WASHINGTON-In a stunning turnabout, the Justice Department and the Federal Communications Commission late last week terminated negotiations with Pocket Communications Inc. debtors and called for the return of all but a few of the 46 personal communications services licenses for which Pocket pledged $1.4 billion in 1996 in the C-block auction.

The action sets the stage for possible fireworks at a Pocket bankruptcy hearing scheduled this Thursday in Baltimore.

Indeed, Pocket debtors filed a Pocket reorganization plan on Oct. 22 and expect to challenge the FCC and Justice.

“The DIP Lenders, together with Cook Inlet Region Inc., VoiceStream Wireless Corp. and Omnipoint Corp…disagree with the contentions set forth in the Department of Justice letter of Oct. 22,” said Kenneth Irvin, a lawyer for DIP lenders.

The decision, revealed in Oct. 22 letters from Justice’s Lloyd Randolph and FCC General Counsel Christopher Wright, is a potentially devastating blow to Pocket Debtors in Procession lenders: L.M. Ericsson, Masa Telecom Inc., Pacific Eagle Investments Ltd. and Siemens Telecom Network.

The move, which took many by surprise, came on the heels of the GOP-led Congress’s eleventh-hour move to kill a bankruptcy provision that the FCC and White House wanted included in the fiscal 1999 omnibus spending bill passed by Congress and signed by President Clinton last Wednesday.
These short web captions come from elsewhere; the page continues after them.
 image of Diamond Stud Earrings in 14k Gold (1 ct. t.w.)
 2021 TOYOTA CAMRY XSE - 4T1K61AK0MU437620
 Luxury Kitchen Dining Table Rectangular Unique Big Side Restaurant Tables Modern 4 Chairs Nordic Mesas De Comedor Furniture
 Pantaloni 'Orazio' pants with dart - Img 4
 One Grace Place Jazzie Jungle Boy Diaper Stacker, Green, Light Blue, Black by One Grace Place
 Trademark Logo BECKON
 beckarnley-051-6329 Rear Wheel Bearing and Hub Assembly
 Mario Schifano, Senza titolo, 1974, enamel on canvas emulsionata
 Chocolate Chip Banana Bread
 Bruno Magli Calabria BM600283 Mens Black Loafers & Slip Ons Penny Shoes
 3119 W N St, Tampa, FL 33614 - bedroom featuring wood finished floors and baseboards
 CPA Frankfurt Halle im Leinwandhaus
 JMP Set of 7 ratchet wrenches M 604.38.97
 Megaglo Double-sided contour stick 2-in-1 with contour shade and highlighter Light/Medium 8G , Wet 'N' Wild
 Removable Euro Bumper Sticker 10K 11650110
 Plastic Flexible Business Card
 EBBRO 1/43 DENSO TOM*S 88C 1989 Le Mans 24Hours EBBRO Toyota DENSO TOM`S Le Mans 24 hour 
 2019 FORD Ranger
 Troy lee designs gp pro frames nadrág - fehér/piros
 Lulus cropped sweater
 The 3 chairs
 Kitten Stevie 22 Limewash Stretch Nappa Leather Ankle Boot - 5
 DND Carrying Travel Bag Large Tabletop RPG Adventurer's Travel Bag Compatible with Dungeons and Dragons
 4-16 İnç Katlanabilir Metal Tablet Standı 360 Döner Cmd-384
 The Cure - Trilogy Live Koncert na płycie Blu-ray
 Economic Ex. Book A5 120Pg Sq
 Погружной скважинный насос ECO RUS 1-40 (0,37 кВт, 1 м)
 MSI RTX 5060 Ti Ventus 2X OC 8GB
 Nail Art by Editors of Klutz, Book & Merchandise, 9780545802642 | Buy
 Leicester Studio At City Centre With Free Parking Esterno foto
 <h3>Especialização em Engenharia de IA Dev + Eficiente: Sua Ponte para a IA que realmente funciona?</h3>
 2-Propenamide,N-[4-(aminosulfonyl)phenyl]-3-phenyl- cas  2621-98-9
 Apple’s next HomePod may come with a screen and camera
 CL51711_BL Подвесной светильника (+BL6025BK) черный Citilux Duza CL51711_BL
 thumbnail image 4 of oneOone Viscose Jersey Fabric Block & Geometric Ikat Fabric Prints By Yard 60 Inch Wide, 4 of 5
The now-defunct measure would have enabled the FCC to retrieve licenses from bankrupt wireless firms.

The bankruptcy provision, which House Majority Leader Dick Armey (R-Texas) demanded be pulled from the spending bill last Monday evening, would have doomed bankruptcy reorganizations of the three top C-block PCS license bidders-Pocket, Nextwave Telecom Inc. ($4.2 billion) and General Wireless Inc. ($1.4 billion). All told, the three firms-all involved to varying degrees in bankruptcy proceedings-accounted for $6.6 billion of the $10.2 billion bid in the C-block auction. The U.S. Treasury is not expected to collect anything close to that total.

The FCC-DOJ plan calls for a suspended election, made by Pocket founder Daniel C. Riker on June 8, to become effective at midnight Oct. 30. This election allows the FCC to take back licenses Riker chose to give back to the FCC either by amnesty or disaggregation.

Riker remains in control of 15 megahertz of 11 licenses in such places as Las Vegas, Battle Creek, Mich., New Orleans and Omaha, Neb. Riker is expected to sell these licenses to pay off Pocket debts.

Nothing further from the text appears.